_COLLECTED MATERIAL:_
···

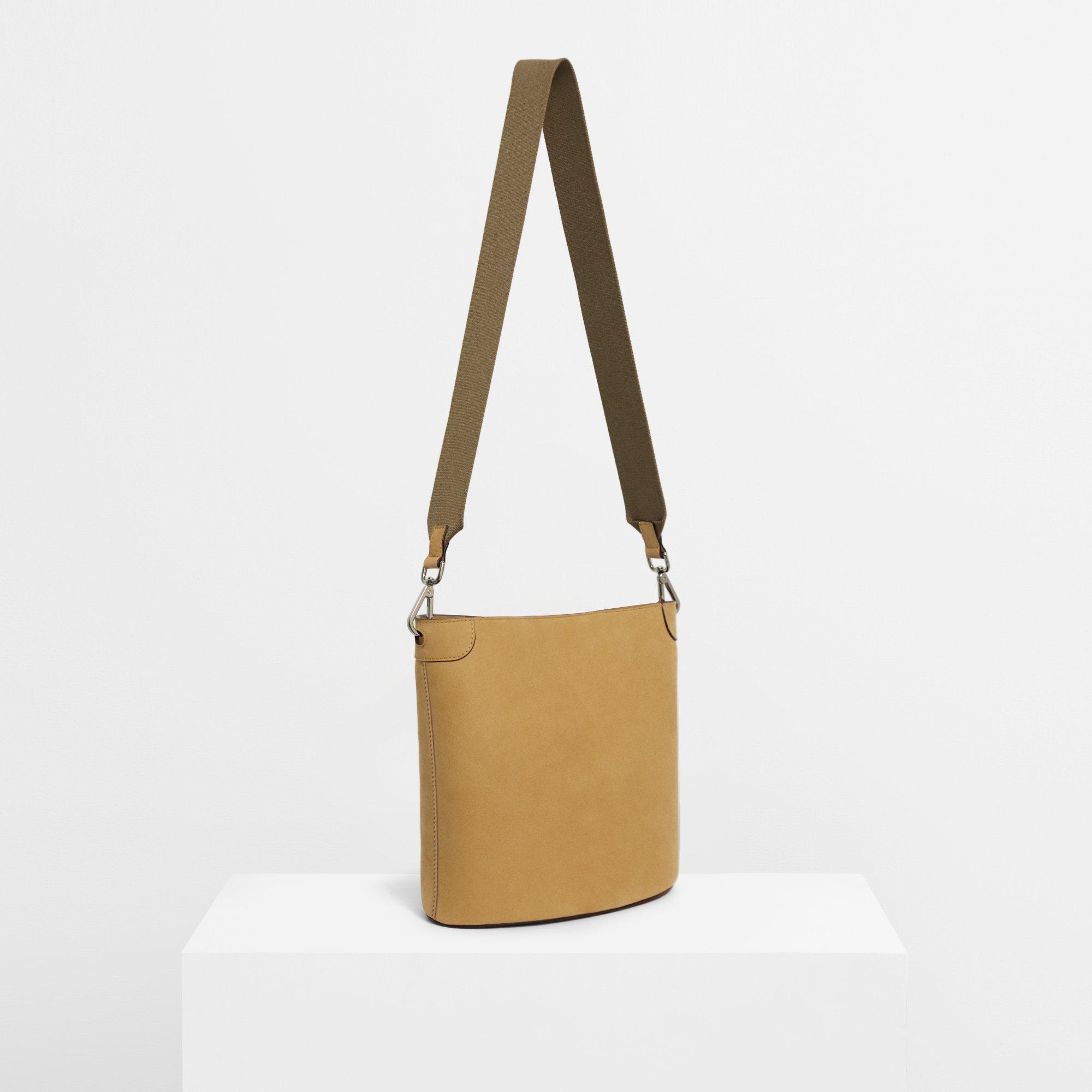 Nubuck Leather Bucket Bag Theory
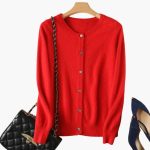 Women’s Classic Knit Cardigan with Button Fastening and Ribbed Cuffs - Image 3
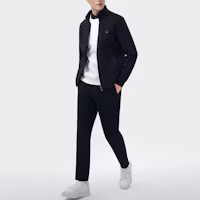 Cheap FILA Black Full-Zip Letter Print Stand Collar Jacket F11M317505FBK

···

_TASK TO CARRY OUT:_ Set down word for word the lines beginning with the one containing "Women’s Classic Knit" and ending with the last line of the listing, inclusive. Omit every picture.

_REPLY:_
 Women’s Classic Knit Cardigan with Button Fastening and Ribbed Cuffs - Image 3
 Cheap FILA Black Full-Zip Letter Print Stand Collar Jacket F11M317505FBK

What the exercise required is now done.